Updated at 7:12 AM EST
JP Morgan posted stronger-than-expected fourth quarter earnings Wednesday as dealmaking help boost the group’s bottom line and offset an overall slide in net interest income tied to lower Federal Reserve interest rates.
JP Morgan (JPM) said earnings for the three months ending in December were pegged at $14.005 billion, or $4.81 per share, up 58.2% from the prior-year period and well ahead of the Street consensus forecast of $4.11 per share.
Group revenues, JP Morgan said, rose 22.2% from last year to $42.8 billion, again ahead of analysts’ estimates of a $41.73 billion tally, while expenses were pegged at $22.76 billion.
Net interest income was $23.5 billion, down 2.9% from the year-ago period, while the bank also built $2.63 billion in reserves to set against bad loans and credit losses.
Investment banking revenue was up 46% to $2.6 billion, thanks in part to a healthy fourth quarter in global dealmaking that capped an otherwise muted year for mergers and acquisitions.
London Stock Exchange Group indicated that while the overall value of M&A deals rose 10% last year to $3.2 trillion, the total number of transactions fell to the lowest levels in nearly a decade.
JP Morgan CEO Jamie Dimon
“The U.S. economy has been resilient,” said JP Morgan CEO Jamie Dimon.”Businesses are more optimistic about the economy, and they are encouraged by expectations for a more pro-growth agenda and improved collaboration between government and business.”
“Two significant risks remain,” he added. “Ongoing and future spending requirements will likely be inflationary, and therefore, inflation may persist for some time.

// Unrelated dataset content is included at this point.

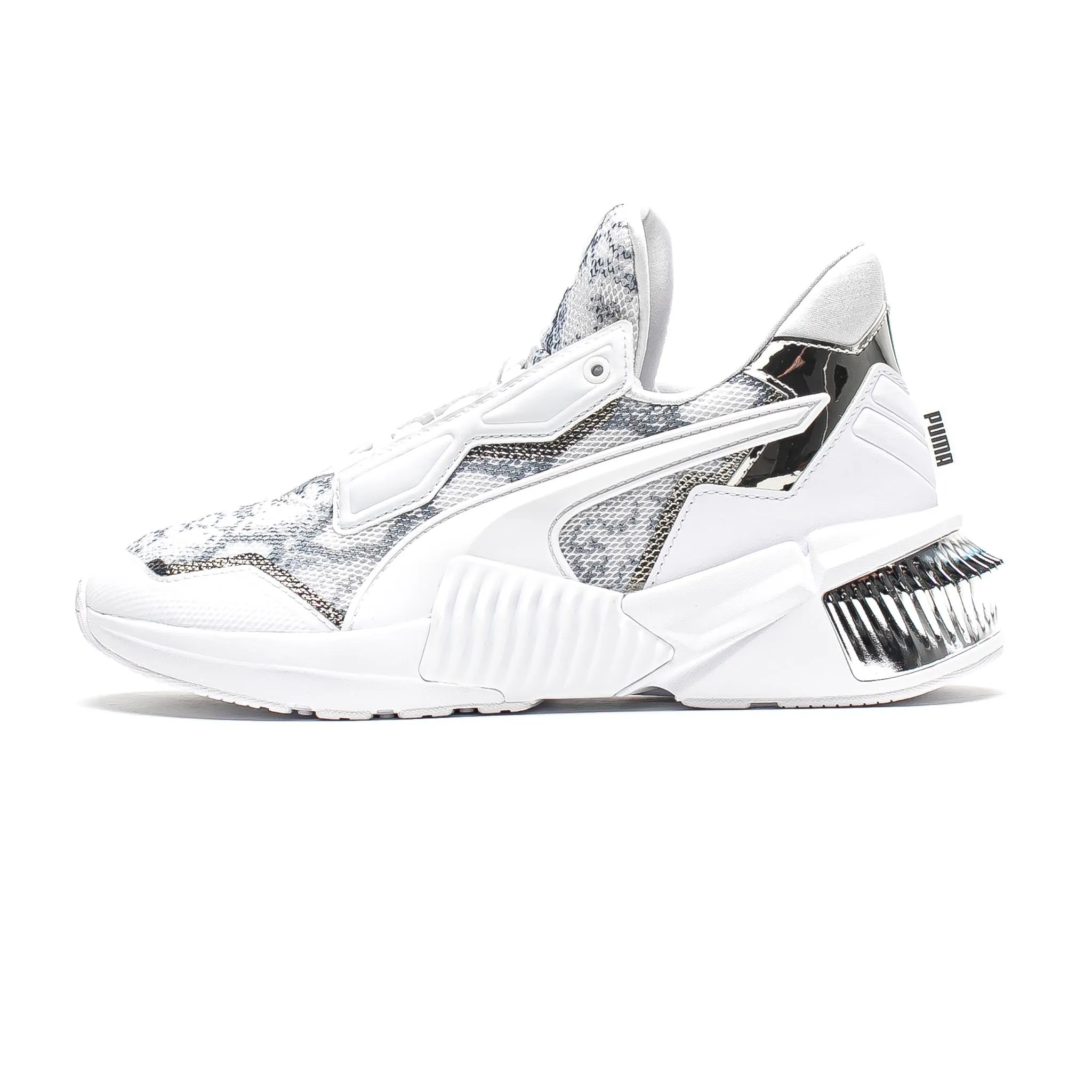 Puma Provoke XT Untamed 'Snakeskin'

Additionally, geopolitical conditions remain the most dangerous and complicated since World War II.”
JP Morgan shares were marked 1.4% higher in premarket trading immediately following the earnings release to indicate an opening bell price of $250.90 each.
LSEG data suggests financial sector earnings will grow 22.7% from the prior-year period and contribute around 17.5% of the collective $519.9 billion forecast for S&P 500 profits over the fourth quarter.
Related: Analyst resets bank stocks forecast ahead of earnings
Earlier this week, Dimon’s close associate Daniel Pinto, seen by many as a possible replacement for the longtime CEO, announced his surprise retirement as chief operating officer after more than three decades with the bank.
Jennifer Piepszak, another JP Morgan veteran, was named as his replacement but isn’t expected to lobby for the top job when Dimon steps down, as planned, in 2029.